Ezekiel 16 weaves a story of the Lord redeeming Israel from her birth, describing her as an unwanted baby tossed away and left in her blood to die. What could be a more helpless, heartbreaking picture than that? And then the Lord says, “I passed by and saw you… and I said to you as you lay in your blood, ‘Live!’” (v. 6) He goes on to describe his nurturing care and protection over her as she grew, his covenant with her, and then her appalling evil in despising the Lord by prostituting herself to many other lovers. There is great benefit to the act of remembering what we once were, of never moving past the wonders that God has done for us. This is why I love these passages. The mercy of the Lord upon me, his movement toward me, his power to save me to the uttermost—none of it would be so sweet if I never acknowledged the bitterness and the blood in which I lay before he came.
As redeemed children filled with the Holy Spirit, we are (more than ever) aware of the ways in which we still fail the Lord, so grieved by the way our heart inclines back to Egypt (the idols we used to serve.) We feel the heat of wanting to do what is right but evil lying close at hand. (Romans 7) All of this is part of the Christian life, of the pilgrim path spanning from earth to heaven. We might think it is a very godly thing to identify ourselves as “great sinner,” “spiritually adulterous,” “unclean” or our righteousness as “filthy rags.” (Isaiah 64:6) We may still see ourselves as the one lying in her blood.
But are we? Just because that is the picture of what we were outside of Christ does not mean that is the reality of us now. The Lord did see us in our blood, but he spoke to us “Live!” He put his breath into our dry bones and covered us in flesh. (Ezekiel 37) Nothing can undo the word of the Lord once spoken. He has full command of life and death and has given life unto us. Why should we continue to wrap ourselves in the names of death? Why should we parade our badges of sin as if we need to outdo one another in proclaiming how rotten we are? We are “all children of light and children of the day. We do not belong to the night or the darkness.” (1 Thessalonians 5:5) So let us put away the names we wore in those places.
The Lord is not a stranger to how hard our struggle is before glory. The sin that remains is real and it is serious. But it has also been fully dealt with, even as we continue to deal with it in the power of the Holy Spirit. We are clean and being cleansed. We are declared saints and also becoming saints. This is our main identity now, and it will be our identity forever. It is far more true of us that we are saints than that we are sinners. As Melissa Kruger so helpfully delineates in the book Identity Theft, we aresaints who still struggle with sin. We are not sinners who are struggling to become saints. (I recommend reading her entire chapter in that book, it is a breath of sweet relief.)
And because Christ has taken upon himself our spiritual adultery and given us his record of full fidelity, we can face the sin that remains in full confidence of our forgiveness and belonging.

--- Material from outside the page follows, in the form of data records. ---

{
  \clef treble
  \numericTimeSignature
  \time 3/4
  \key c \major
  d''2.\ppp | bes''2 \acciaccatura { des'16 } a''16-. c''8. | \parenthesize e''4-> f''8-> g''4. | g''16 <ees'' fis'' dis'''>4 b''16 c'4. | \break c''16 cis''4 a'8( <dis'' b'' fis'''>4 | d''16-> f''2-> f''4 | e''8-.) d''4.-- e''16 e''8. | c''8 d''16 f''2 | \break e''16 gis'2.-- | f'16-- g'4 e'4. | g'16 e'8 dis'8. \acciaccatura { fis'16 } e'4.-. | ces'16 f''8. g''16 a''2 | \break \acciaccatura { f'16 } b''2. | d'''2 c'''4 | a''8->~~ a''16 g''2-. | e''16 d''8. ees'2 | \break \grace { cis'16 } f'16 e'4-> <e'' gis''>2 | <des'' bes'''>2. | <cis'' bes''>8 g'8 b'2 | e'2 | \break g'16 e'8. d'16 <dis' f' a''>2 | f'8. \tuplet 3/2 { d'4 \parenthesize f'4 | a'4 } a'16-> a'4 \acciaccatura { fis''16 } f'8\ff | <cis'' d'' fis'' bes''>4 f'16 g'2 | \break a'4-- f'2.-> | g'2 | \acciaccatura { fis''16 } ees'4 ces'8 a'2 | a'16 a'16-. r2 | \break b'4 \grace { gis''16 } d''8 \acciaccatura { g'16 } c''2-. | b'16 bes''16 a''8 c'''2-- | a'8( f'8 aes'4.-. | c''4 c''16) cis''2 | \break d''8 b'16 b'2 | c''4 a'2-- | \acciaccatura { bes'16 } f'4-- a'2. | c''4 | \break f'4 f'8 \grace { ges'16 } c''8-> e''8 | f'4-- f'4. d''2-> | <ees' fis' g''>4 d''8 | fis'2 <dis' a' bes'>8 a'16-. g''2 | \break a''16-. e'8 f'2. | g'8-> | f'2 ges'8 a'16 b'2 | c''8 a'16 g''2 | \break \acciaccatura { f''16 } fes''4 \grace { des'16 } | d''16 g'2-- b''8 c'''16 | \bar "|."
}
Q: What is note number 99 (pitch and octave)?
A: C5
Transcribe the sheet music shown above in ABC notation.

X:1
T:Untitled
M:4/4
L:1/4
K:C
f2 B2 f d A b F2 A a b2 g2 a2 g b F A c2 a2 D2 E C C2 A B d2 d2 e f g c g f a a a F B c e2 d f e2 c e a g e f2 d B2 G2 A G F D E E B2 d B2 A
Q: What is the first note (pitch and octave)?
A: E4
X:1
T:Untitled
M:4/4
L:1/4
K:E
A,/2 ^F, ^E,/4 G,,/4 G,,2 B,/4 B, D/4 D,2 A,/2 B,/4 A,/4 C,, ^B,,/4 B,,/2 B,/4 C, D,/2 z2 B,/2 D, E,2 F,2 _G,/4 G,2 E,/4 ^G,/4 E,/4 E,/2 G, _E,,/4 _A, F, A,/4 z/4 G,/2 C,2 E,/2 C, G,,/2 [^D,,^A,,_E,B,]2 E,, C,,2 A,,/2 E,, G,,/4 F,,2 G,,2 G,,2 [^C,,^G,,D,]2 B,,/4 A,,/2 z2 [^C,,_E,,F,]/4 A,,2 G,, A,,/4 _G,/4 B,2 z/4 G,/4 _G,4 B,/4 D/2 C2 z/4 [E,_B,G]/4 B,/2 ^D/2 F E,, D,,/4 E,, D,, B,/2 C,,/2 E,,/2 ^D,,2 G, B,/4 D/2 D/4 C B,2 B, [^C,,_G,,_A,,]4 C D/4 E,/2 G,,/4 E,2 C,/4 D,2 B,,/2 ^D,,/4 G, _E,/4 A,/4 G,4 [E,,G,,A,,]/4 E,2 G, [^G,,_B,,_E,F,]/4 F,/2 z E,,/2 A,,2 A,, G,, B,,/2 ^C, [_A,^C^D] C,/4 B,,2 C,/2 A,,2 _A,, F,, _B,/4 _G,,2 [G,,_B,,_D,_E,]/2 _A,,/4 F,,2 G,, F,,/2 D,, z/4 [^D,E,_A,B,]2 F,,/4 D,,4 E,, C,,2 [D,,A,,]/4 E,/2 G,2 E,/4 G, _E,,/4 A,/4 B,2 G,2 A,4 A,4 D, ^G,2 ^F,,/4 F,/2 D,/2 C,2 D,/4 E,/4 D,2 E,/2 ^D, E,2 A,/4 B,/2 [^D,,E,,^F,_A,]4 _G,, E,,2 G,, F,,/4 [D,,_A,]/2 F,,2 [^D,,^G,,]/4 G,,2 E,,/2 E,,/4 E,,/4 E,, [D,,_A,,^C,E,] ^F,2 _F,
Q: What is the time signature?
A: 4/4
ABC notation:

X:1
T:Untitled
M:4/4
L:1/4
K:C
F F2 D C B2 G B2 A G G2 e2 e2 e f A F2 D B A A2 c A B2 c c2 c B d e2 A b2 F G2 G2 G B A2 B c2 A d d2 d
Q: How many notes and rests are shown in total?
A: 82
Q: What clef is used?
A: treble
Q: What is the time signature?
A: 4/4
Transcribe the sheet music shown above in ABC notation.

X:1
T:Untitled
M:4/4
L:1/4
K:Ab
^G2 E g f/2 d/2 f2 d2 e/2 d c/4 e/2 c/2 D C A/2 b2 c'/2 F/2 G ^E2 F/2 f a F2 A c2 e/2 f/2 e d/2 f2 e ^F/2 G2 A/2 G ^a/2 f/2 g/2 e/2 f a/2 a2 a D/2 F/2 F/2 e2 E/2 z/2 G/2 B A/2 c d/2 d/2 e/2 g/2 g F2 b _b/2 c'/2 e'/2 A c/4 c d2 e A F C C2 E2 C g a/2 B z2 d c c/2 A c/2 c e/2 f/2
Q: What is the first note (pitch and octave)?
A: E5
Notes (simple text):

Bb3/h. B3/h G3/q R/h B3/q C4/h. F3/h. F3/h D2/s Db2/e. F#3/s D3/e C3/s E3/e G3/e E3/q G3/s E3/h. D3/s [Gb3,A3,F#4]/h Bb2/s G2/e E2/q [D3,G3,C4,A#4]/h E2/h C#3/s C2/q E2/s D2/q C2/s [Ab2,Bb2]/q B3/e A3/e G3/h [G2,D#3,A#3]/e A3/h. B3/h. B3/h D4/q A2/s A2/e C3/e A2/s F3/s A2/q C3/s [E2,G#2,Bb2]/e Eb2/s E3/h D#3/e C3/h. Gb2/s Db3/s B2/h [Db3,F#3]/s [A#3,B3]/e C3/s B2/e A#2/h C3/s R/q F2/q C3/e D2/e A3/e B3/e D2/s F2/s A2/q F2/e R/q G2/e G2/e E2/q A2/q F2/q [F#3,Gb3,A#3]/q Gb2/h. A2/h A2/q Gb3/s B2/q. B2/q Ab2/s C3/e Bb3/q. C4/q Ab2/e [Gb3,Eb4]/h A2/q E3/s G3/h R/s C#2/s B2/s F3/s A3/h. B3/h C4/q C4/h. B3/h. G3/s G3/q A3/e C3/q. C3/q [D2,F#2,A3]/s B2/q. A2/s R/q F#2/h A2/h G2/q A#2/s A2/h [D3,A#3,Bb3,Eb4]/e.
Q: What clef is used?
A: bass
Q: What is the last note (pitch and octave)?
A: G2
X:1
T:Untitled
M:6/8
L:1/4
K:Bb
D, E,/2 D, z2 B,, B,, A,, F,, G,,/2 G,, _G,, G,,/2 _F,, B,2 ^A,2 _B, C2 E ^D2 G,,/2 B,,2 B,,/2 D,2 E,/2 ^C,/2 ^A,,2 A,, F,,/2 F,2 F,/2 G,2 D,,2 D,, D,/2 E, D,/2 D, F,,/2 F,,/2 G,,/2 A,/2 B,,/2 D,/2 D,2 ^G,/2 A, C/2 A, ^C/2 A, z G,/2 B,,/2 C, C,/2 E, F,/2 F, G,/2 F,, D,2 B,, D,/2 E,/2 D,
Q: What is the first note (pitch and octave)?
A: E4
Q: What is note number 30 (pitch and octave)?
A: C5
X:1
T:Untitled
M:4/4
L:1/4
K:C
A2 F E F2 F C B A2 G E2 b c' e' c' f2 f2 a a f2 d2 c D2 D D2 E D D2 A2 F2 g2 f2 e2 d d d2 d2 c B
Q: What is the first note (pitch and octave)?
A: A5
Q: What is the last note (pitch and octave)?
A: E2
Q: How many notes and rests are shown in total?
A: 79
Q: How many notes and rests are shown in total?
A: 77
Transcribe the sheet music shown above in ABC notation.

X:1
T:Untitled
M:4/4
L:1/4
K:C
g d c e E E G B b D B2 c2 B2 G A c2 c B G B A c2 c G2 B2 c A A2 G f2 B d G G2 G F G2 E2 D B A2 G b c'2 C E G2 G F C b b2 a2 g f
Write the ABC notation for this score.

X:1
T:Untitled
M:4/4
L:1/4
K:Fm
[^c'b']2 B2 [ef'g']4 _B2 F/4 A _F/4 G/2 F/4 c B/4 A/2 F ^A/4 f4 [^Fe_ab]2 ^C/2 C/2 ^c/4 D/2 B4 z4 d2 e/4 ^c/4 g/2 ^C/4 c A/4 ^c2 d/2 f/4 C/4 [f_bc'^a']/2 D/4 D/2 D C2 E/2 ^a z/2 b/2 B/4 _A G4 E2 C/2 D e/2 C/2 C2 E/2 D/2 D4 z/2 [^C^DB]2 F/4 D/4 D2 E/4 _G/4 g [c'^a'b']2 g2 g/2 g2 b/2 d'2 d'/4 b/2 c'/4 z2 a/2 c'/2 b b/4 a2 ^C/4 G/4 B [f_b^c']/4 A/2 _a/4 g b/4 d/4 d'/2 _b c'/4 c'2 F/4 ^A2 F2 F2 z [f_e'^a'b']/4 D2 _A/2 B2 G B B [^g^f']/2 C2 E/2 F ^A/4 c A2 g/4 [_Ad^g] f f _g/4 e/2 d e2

We can look square at our faithlessness of today, carry it into the light and call it what it is. Then we bring it to the Lord, who sees our godly grief and is familiar with our every weakness. We can weep over what remains and boldly take hold of full pardon, full joy, and full peace. It is ours, and he is glad to give it.
God looks at all those who hide in his Son and all he sees are his faithful children. In him, your name is Faithful. The faithfulness of Christ is enough for you, do you believe it?